### What is being asked:
Take from the data every line in which the word "Hotel" is found.

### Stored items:
════
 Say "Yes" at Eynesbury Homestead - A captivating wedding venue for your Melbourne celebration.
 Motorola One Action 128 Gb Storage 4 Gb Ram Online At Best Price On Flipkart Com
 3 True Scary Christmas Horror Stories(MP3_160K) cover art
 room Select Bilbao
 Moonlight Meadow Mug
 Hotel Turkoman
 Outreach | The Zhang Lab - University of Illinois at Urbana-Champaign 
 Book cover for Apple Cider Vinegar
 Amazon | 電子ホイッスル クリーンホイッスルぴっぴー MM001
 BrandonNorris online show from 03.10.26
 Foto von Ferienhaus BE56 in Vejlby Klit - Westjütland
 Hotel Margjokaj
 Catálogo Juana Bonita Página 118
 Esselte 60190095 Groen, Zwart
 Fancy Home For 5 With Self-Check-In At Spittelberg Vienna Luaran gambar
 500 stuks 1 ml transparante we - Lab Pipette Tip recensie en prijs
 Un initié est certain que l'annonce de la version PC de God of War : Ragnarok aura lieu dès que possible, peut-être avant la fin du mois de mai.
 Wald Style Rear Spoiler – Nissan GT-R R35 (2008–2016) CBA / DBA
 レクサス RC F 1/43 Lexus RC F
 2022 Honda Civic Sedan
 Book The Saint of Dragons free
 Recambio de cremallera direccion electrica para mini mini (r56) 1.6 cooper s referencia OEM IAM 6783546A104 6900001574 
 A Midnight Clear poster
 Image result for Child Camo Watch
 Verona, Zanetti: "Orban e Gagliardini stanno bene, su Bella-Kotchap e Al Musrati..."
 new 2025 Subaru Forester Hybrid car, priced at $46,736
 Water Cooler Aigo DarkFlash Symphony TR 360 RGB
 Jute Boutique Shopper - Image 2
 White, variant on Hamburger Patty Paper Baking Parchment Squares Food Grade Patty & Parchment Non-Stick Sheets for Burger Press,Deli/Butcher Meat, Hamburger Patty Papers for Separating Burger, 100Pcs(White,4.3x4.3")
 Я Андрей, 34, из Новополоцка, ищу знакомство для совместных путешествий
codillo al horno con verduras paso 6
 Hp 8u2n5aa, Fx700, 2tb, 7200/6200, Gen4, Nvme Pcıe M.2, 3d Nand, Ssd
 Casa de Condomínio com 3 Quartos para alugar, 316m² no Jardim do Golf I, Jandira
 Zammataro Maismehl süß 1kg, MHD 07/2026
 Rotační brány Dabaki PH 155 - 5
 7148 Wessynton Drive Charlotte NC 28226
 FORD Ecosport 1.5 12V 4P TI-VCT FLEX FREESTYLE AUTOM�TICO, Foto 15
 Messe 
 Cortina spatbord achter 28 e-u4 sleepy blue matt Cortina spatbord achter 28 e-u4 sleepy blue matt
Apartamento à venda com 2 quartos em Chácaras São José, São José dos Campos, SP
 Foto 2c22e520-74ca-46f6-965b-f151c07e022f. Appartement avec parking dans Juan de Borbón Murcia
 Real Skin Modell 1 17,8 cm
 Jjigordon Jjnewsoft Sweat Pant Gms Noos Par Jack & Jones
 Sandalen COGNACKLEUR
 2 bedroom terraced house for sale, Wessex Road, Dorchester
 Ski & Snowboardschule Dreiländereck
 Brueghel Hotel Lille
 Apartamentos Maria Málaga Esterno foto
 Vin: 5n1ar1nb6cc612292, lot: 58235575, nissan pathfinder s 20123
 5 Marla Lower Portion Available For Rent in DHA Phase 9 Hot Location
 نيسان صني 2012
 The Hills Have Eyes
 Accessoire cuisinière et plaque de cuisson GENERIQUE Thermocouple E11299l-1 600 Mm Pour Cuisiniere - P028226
════
### Written answer:
 Hotel Turkoman
 Hotel Margjokaj
 Brueghel Hotel Lille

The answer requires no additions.